Otsuka Pharmaceutical Co., Ltd. v. Burwell

CourtDistrict Court, District of Columbia
DecidedJuly 28, 2016
DocketCivil Action No. 2015-1688
StatusPublished

This text of Otsuka Pharmaceutical Co., Ltd. v. Burwell (Otsuka Pharmaceutical Co., Ltd. v. Burwell) is published on Counsel Stack Legal Research, covering District Court, District of Columbia primary law. Counsel Stack provides free access to over 12 million legal documents including statutes, case law, regulations, and constitutions.

Bluebook
Otsuka Pharmaceutical Co., Ltd. v.
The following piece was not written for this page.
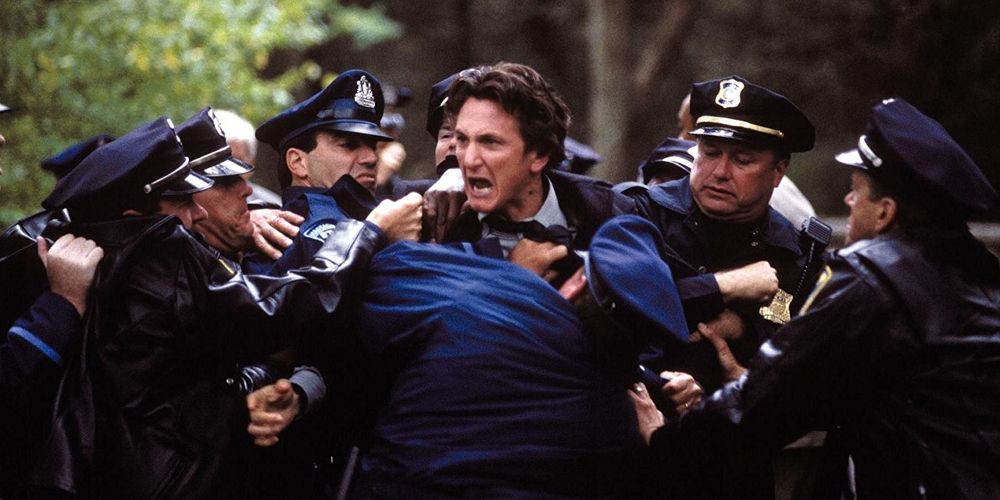 Jimmy is held back by the police in Mystic River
Burwell, (D.D.C. 2016).

Opinion

UNITED STATES DISTRICT COURT FOR THE DISTRICT OF COLUMBIA

) OTSUKA PHARMACEUTICAL CO., ) LTD., et al., ) ) Plaintiffs, ) ) v. ) Civil Action No. 15-cv-1688 (KBJ) ) SYLVIA MATHEWS BURWELL, in her ) official capacity as Secretary of the ) United States Department of Health and ) Human Services, et al., ) ) Defendants, ) ) and ) ) ALKERMES, INC., et al., ) ) Intervenor-Defendants. ) )

MEMORANDUM OPINION

To incentivize the development and marketing of safe, effective, and affordable

drug products, the Federal Food, Drug, and Cosmetic Act (“FDCA”), 21 U.S.C. § 321 et

seq., provides a variety of benefits for drug manufacturers, including prescribed periods

of “exclusivity” in the marketplace. Drug manufacturers that develop and get approval

for drug products containing entirely new chemical entities—i.e., drugs in which “no

active ingredient” has ever before been approved for marketing—receive a five-year

period of exclusivity for marketing that drug product, during which time the Food and

Drug Administration (“the FDA”) is prohibited from approving applications for the

marketing of certain other drugs. 21 U.S.C. § 355(c)(3)(E)(ii); see also 21 C.F.R. § 314.108(b)(2). Similarly, if a manufacturer submits an application for a drug product

that contains a previously approved active ingredient, and if certain “new clinical

investigations” are included in that application, that manufacturer can claim a three-

year period of marketing exclusivity for the drug in that application. See 21 U.S.C.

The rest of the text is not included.